Levin asks Goldman: Was it just hedging, or something worse?

McClatchy NewspapersApril 27, 2010 

WASHINGTON — A Senate investigations panel confronted Goldman Sachs executives Tuesday with evidence that the firm peddled subprime mortgage securities its traders considered to be "crap" as they secretly made huge bets on a housing downturn.

Sen. Carl Levin, a Michigan Democrat, culminated more than 10 hours of often-contentious testimony by telling Goldman's top officer, chief executive Lloyd Blankfein, that the firm had "a fundamental conflict" with its clients' interests as it exited the home mortgage market in 2006 and 2007.

"And it raises a real ethical issue," said Levin, the chairman of the Senate Permanent Investigations Subcommittee.

Blankfein, whose company is facing civil fraud charges from the Securities and Exchange Commission over one of its subprime deals, declined to give ground. He denied that Goldman made massive "short," or negative, bets on subprime mortgage securities. Further, he said, Goldman had no obligation to divulge its short bets in its role as a market maker for sophisticated institutional investors.

"The investors we're dealing with ... know what they want to acquire," Blankfein said.

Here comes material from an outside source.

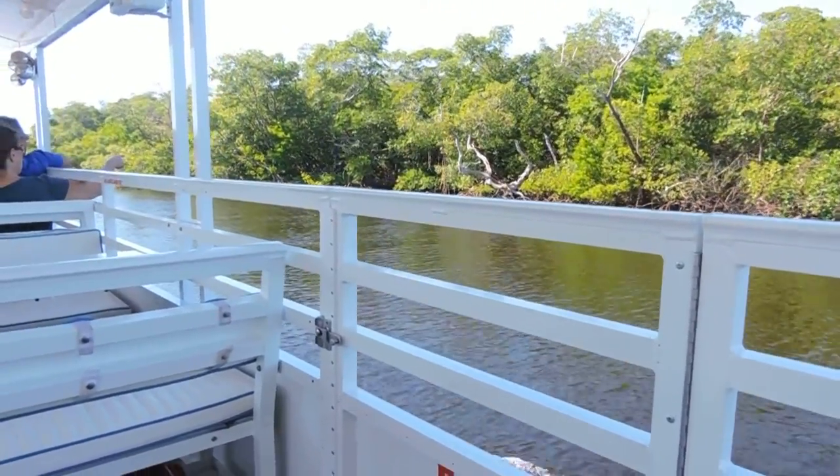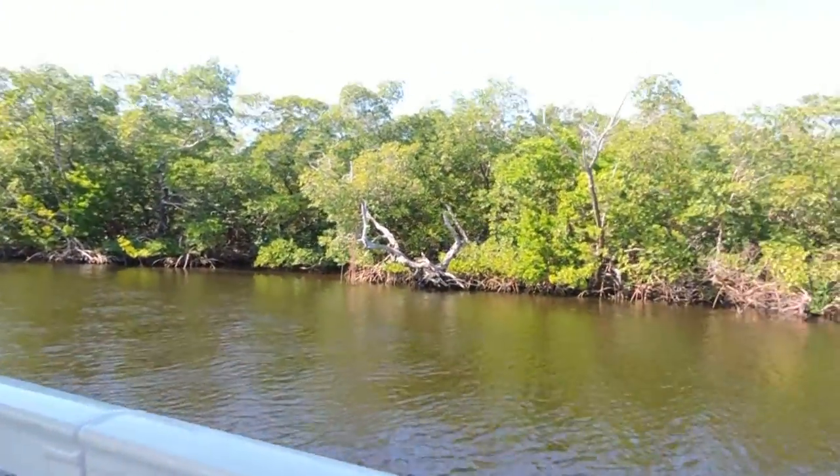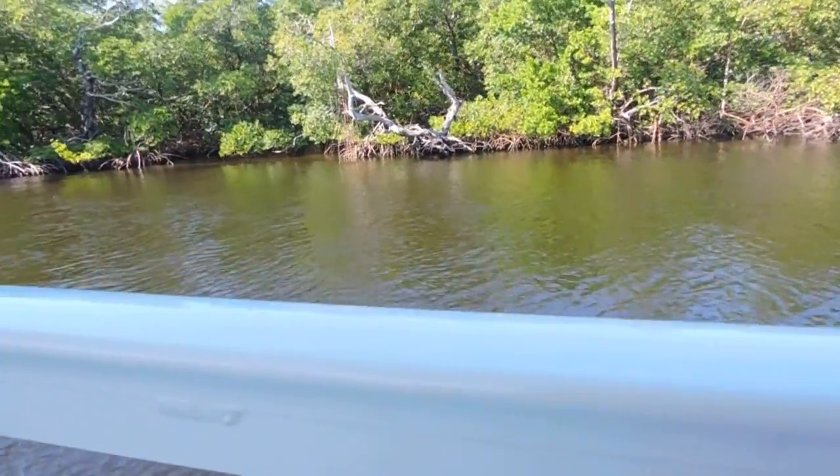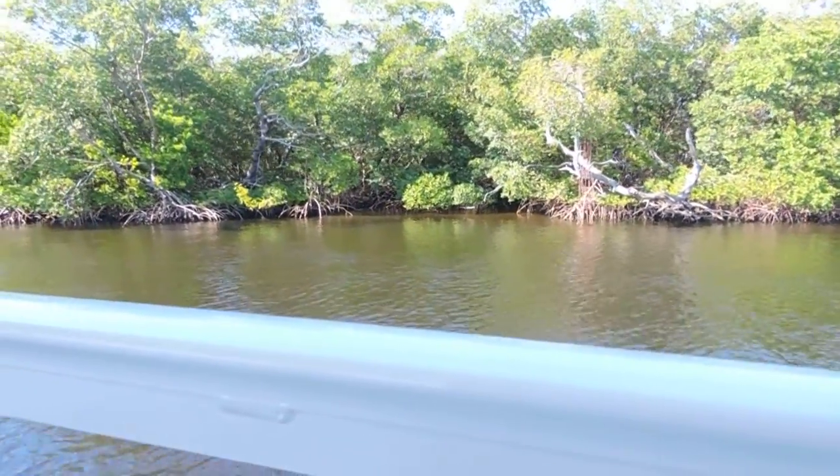On the right side, see where this big dead tree is — there's a bird right there with the pointy feet. That is an anhinga. I'd like to see if I can get a picture of the anhinga.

If they raise questions about a deal, he said, "then the salesman owes them an honest answer."

The subcommittee reviewed 2 million subpoenaed Goldman documents during an 18-month investigation of the world's most prestigious investment bank, which has become a poster child for Wall Street's role in fueling the housing bubble that burst the global economy.

Levin and his subcommittee colleagues spent much of the day questioning four current and former Goldman traders and the company's chief financial and risk officers about more than 170 company e-mails and documents describing how the firm escaped the subprime market. Levin contended that Goldman racked up billions of dollars in profits in 2007 by making exotic, insurance-like bets on a housing collapse — sometimes wagering against securities in offshore deals that Goldman actually designed.

In one deal, which Levin raised again and again, a Goldman executive labeled the mortgage securities "shitty."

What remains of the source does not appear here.